- Corruption and organizational structure. China is well-known for its culture of corruption. The People's Liberation Army (PLA) is de jure a separate entity from the Chinese Communist Party (CCP), which means there is essentially no civilian oversight (Chase, Michael et al., p. 48), and essentially created a civil-military gap (p. 45). The PLA's budget is approved without any real discussion as to what the budget entails (p. 47), so it is no surprise that the PLA is going to be riddled with inefficiencies. Corruption is effectively an indirect tax because it decreases the efficiency of spending. China's significantly higher level of corruption means that it would need to spend a lot more money on the military than the United States to even become close to outpacing the United States military. Looking at the proceeding points, I find that to be highly improbable.
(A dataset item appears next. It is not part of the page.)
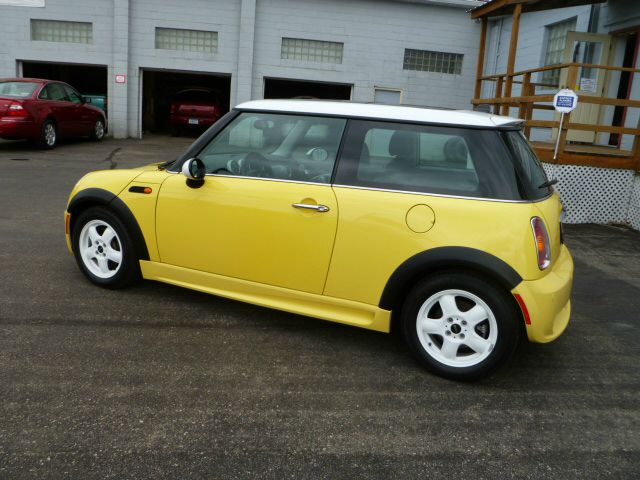 2003 Mini Cooper Base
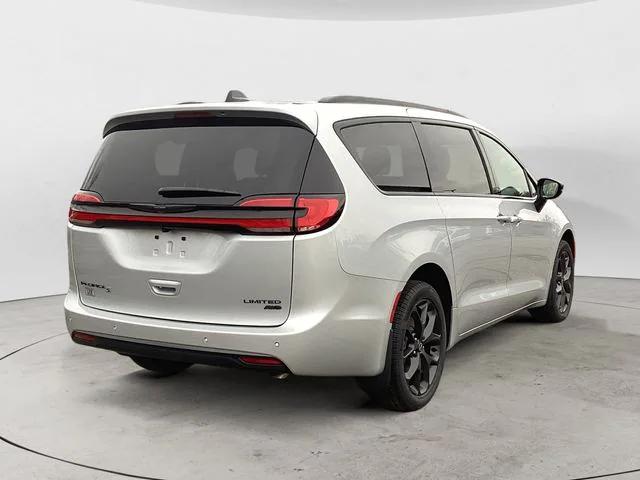 2026 Chrysler Pacifica Limited AWD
- Estimating military size. Because of its corruption, China lacks the transparency needed for good governance. This is evident in trying to estimate the size of China's military because China's government estimates are infamously unreliable. In spite of whatever grandstanding the Chinese government might be doing, they could very well be overestimating their numbers.
- Basic military strategy and geography. But let's assume that the high range of the military's budget of $132B is accurate, a figure that is less than a third of what the United States' expenditures on military spending. China is still at a disadvantage. Why?
- For one, the United States has much more actual experience in military operations. By extension, the United States has military posts throughout the world, and is able to be much more responsive with its extensive military network. This also means that China does not have the same military network to deploy troops and carry out operations that would greatly expand its military clout.
- Even if China were to go on the offensive, it means that China would most probably be attacking a coastline (e.g., Taiwan, Japan). Defending a coastline is much easier than attacking it, and given that the coastline is going to have U.S. military force, it would be all more difficult for the PLA to succeed.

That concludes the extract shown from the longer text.